The flow table test (Tattersall 1991; Bartos 1992; Wong et al. 2000; Bartos, Sonebi, and Tamimi 2002) measures the horizontal spread of a concrete cone specimen after being subjected to jolting. Multiple versions of the test have been proposed since its original introduction in Germany in the 1930s. The test was added to the British Standards in 1983 in response to the increase use of highly fluid concretes. The test is sometime referred to as the DIN flow table, in reference to its inclusion in German standard DIN 1048. The test is currently standardized in the Europe as EN 12350-5. 





       The apparatus consists of a 700 mm square wooden top plate lined with a thin metal sheet, as shown in Figure. The plate is hinged on one end to a base, while on the other end, clips allow the plate to be lifted a vertical distance of 40 mm. Etched into the metal sheet are two perpendicular lines that cross in the center of the plate and a 200 mm circle concentric with the center of the plate. The frustum of a cone used to mold the concrete is shorter than the slump cone, with a top diameter of 130 mm and with a bottom diameter and height of 200 mm.
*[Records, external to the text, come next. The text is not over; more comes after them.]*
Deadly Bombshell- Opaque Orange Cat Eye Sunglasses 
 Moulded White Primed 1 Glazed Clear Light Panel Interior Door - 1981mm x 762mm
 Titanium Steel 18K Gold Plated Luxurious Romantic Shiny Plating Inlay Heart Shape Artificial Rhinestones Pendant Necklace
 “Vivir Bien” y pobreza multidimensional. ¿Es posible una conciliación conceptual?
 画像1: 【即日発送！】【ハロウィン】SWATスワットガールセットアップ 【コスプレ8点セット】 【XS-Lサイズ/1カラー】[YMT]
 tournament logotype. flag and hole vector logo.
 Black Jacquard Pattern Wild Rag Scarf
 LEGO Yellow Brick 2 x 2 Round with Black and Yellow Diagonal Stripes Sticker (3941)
      To perform the test, the cone mold is placed in the center of the plate and filled in two layers, each of which is compacted with a tamping rod. The plate is lifted with the attached handle a distance of 40 mm and then dropped a total of 15 times. The horizontal spread of the concrete is measured. Resistance to segregation can be assessed qualitatively: in concrete mixes that are susceptible to segregation, the paste will tend separate from the coarse aggregate around the perimeter of the concrete mass. 


     The test is applicable to a wide range of concrete workability, and is especially appropriate for highly fluid mixes that exhibit a collapsed slump. The results of the test can be correlated to slump, although it has been suggested that the initial horizontal spread, prior to jolting, correlates better to slump (Juvas 1994). Despite its simplicity, the test apparatus is large and must be placed on firm, level ground. The jolting of the concrete does not accurately simulate field  practices and cannot easily be treated analytically. In fact, the further the concrete spreads, the thinner the layer of concrete becomes and the less this thin layer represents the bulk properties of the concrete. Research has suggested that spread measurements for different concrete mixtures  converge with an increasing number of drops of the top plate (Tattersall 1991).




Advantages: 


• The test is simple and can be used in the field. 


• The test quickly provides a direct result. 

• The test is dynamic, making it especially appropriate for highly thixotropic concrete mixtures. 



Disadvantages: 

• The test procedure does not represent actual placement conditions—concrete is typically  vibrated, not jolted. 

• The test results tend to converge as the number of drops is increased. Near the end of the  test, the properties of the thin layer of concrete do reflect the bulk properties of the  concrete. 

• The results are not given in terms of fundamental units. An analytical treatment of the  test would be difficult.